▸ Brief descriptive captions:
####################

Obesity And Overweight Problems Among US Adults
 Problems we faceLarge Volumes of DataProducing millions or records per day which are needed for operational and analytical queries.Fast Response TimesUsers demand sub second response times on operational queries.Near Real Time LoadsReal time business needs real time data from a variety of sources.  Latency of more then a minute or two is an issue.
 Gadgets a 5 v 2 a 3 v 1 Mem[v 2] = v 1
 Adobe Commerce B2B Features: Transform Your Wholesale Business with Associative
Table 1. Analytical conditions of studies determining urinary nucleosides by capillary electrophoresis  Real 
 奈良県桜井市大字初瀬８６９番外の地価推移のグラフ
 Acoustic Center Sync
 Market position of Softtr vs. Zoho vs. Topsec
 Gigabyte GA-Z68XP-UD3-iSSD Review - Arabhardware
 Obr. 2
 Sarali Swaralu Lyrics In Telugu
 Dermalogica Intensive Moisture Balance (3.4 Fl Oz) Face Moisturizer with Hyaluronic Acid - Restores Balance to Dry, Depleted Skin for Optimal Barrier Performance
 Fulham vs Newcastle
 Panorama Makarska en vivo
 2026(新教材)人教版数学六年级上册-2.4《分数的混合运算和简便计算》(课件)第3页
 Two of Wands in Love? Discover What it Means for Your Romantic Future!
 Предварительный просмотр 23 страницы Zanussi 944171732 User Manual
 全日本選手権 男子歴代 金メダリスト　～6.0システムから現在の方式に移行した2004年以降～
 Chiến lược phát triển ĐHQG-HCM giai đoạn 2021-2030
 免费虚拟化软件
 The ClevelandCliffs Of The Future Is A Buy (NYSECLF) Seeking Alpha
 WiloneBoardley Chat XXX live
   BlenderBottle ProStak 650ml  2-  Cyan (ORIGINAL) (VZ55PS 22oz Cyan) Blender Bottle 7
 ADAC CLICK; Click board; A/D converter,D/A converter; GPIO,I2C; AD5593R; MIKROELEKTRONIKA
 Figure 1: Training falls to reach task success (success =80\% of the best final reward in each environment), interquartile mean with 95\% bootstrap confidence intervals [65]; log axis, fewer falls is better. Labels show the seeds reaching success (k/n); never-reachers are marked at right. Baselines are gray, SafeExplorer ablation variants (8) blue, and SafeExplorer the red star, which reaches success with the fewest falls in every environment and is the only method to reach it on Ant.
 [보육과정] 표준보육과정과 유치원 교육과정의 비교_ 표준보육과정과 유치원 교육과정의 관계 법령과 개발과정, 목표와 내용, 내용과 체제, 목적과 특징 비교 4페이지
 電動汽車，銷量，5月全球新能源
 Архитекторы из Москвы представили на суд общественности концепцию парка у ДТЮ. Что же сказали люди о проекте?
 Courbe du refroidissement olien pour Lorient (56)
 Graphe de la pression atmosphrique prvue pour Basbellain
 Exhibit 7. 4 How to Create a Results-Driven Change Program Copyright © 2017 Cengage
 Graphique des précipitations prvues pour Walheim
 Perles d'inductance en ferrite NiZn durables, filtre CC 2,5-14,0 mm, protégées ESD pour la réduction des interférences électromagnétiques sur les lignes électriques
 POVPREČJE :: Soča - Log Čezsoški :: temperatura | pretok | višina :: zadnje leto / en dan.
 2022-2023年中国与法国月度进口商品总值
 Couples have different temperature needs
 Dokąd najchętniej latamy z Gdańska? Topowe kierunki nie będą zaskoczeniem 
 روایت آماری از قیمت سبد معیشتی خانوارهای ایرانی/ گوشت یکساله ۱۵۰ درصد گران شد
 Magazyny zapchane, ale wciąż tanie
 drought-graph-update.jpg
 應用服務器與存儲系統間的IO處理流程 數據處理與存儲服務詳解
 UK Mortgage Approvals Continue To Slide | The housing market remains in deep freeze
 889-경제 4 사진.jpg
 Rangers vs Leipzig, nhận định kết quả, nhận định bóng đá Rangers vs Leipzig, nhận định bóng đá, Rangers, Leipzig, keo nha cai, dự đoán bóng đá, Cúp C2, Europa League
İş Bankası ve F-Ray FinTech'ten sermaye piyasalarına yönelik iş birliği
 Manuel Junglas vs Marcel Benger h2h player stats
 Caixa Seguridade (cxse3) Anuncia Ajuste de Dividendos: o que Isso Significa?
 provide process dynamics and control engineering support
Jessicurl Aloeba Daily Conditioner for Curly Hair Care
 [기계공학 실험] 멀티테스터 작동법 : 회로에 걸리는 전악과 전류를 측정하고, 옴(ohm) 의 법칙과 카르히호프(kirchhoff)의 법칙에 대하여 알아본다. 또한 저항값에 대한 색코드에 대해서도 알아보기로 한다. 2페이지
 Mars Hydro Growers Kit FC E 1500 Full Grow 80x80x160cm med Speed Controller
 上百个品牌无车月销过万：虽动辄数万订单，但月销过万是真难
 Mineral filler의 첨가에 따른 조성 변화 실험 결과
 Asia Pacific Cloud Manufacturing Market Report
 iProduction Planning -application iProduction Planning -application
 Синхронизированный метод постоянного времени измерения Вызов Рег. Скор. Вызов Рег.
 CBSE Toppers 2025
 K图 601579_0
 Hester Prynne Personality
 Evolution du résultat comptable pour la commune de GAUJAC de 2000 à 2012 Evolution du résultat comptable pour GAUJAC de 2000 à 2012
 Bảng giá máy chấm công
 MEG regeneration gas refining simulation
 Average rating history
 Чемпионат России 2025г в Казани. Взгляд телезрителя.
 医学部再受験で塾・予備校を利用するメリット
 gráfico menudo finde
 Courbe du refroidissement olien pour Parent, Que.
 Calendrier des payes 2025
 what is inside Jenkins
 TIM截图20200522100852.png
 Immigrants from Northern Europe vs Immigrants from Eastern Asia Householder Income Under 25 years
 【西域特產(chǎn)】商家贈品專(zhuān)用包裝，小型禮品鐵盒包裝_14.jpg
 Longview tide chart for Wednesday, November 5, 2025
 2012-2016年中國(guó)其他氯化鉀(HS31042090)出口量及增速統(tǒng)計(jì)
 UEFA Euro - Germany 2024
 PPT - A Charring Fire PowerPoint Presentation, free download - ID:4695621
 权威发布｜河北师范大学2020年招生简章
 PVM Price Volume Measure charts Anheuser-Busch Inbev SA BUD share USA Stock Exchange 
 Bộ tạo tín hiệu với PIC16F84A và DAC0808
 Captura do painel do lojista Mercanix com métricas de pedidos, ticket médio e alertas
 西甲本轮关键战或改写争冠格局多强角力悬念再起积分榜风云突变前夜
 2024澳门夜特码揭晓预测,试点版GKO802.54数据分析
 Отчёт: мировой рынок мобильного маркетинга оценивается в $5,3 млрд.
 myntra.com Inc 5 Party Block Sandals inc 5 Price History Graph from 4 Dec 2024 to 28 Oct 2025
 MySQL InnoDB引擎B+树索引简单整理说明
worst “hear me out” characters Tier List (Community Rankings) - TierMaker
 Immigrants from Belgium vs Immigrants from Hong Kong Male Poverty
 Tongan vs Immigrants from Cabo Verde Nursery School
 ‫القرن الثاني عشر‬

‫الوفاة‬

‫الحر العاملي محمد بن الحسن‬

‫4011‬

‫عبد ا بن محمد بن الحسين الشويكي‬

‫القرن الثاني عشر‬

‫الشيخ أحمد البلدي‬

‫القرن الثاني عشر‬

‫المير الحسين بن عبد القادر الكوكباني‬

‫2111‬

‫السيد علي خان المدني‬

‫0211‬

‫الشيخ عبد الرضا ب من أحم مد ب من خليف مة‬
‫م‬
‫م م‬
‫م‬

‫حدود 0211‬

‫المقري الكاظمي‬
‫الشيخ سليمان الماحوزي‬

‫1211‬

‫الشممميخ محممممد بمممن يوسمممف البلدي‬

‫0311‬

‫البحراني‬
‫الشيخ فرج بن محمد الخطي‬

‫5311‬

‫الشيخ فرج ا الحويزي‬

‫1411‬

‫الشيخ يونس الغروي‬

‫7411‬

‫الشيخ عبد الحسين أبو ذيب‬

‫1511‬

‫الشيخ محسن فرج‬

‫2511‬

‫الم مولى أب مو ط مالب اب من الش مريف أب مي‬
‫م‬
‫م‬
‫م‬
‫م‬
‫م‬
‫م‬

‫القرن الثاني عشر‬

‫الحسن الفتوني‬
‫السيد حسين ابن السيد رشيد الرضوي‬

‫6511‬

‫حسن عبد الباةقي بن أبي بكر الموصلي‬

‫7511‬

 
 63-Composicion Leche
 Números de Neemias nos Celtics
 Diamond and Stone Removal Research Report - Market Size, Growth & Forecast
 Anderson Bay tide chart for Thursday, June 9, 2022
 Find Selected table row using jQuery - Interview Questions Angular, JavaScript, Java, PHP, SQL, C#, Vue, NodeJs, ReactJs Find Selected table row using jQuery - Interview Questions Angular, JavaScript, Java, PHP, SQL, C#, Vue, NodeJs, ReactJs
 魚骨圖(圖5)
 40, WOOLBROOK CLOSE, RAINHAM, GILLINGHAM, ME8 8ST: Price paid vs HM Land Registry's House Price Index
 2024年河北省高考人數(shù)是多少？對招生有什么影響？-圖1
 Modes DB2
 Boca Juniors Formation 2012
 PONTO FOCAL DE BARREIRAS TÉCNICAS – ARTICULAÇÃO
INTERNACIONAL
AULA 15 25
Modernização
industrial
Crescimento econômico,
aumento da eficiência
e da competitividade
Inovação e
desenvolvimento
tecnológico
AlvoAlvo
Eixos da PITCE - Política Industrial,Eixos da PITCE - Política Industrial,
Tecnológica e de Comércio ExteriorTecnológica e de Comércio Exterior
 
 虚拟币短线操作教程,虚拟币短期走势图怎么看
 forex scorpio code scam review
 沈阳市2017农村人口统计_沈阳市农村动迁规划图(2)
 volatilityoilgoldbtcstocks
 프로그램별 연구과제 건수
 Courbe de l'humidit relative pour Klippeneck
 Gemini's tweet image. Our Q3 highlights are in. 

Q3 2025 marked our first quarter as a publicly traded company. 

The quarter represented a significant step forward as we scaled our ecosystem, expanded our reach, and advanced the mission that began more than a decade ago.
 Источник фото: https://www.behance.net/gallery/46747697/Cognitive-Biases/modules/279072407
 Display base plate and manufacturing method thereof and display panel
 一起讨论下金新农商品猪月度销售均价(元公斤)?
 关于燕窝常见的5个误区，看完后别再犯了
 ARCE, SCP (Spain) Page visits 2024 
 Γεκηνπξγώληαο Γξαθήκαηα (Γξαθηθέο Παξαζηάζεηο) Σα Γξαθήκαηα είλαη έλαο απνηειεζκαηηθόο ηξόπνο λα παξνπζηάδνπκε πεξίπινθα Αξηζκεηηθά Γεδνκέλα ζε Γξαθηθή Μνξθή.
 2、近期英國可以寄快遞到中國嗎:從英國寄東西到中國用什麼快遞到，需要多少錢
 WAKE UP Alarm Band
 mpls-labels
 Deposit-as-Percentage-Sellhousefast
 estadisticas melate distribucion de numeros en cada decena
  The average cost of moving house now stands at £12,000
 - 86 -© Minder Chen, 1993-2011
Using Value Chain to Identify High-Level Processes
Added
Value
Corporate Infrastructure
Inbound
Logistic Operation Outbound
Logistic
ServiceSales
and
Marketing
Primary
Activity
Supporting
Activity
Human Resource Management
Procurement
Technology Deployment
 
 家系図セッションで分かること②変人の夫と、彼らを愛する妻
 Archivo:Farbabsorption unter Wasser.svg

####################

▸ TASK STATEMENT:
Your answer must consist solely of the lines above between the line holding "Dermalogica Intensive Moisture" and the line holding "ADAC CLICK; Click", inclusive, copied exactly.

▸ FINISHED EXERCISE:
 Dermalogica Intensive Moisture Balance (3.4 Fl Oz) Face Moisturizer with Hyaluronic Acid - Restores Balance to Dry, Depleted Skin for Optimal Barrier Performance
 Fulham vs Newcastle
 Panorama Makarska en vivo
 2026(新教材)人教版数学六年级上册-2.4《分数的混合运算和简便计算》(课件)第3页
 Two of Wands in Love? Discover What it Means for Your Romantic Future!
 Предварительный просмотр 23 страницы Zanussi 944171732 User Manual
 全日本選手権 男子歴代 金メダリスト　～6.0システムから現在の方式に移行した2004年以降～
 Chiến lược phát triển ĐHQG-HCM giai đoạn 2021-2030
 免费虚拟化软件
 The ClevelandCliffs Of The Future Is A Buy (NYSECLF) Seeking Alpha
 WiloneBoardley Chat XXX live
   BlenderBottle ProStak 650ml  2-  Cyan (ORIGINAL) (VZ55PS 22oz Cyan) Blender Bottle 7
 ADAC CLICK; Click board; A/D converter,D/A converter; GPIO,I2C; AD5593R; MIKROELEKTRONIKA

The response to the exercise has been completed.